Re: Postgres 11, partitioning with a custom hash function

From: Harry B <harrysungod(at)gmail(dot)com>
To: david(dot)rowley(at)2ndquadrant(dot)com
Cc: pgsql-general(at)lists(dot)postgresql(dot)org
Subject: Re: Postgres 11, partitioning with a custom hash function
Date: 2018-10-04 20:43:46
Message-ID: CAMG7=yUde-E+4Fd0w=VU7VsgiL0yqpVB6uCi5drs5KLDyOCzFQ@mail.gmail.com
Views: Raw Message | Whole Thread | Download mbox | Resend email
Thread:
Lists: pgsql-general

Thanks for the quick response David! this has been really helpful.

Looking at the code, this step wasn't totally unnecessary - if I had
multi-column hash you would have had to do this step anyways - because pg
hashes each column separately and combines them. True, unnecessary for
single column hashes. It would have been better for the custom function to
handle all columns at the same time, but then entire API surface would have
had to change. At least it makes sense to me why it is this way....

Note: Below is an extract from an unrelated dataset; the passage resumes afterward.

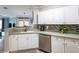 Well-maintained kitchen with stainless steel appliances and views into dining and living space at 4323 Bayside Village Dr # 229, Tampa, FL 33615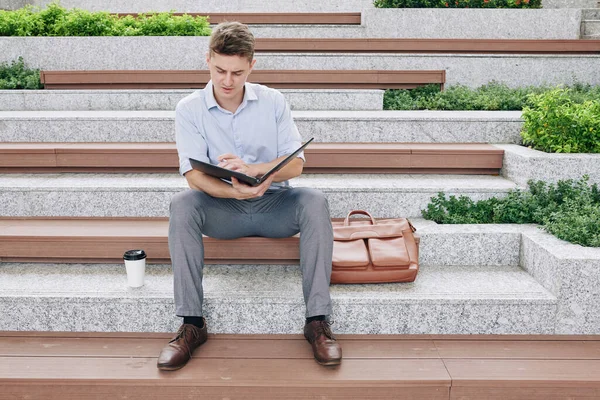 Ciddi genç işadamı klasördeki belgeleri okuyor, mali raporları kontrol ediyor ve düzeltmeler yapıyor.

All hope is not lost, at least for my case... because.... the bitshifting
you have was on 'a', which was zero. So the expression

a ^= b + UINT64CONST(0x49a0f4dd15e5a8e3) + (a << 54) + (a >> 7);

becomes

a = b + UINT64CONST(0x49a0f4dd15e5a8e3)

This also explains why I noticed a constant-offset from the desired value
regardless of the actual key being hashed.

It also works for the 32 partition example I showed
https://play.golang.org/p/kcD-JhyLYD6
(original session/data in http://dpaste.com/382NDBG )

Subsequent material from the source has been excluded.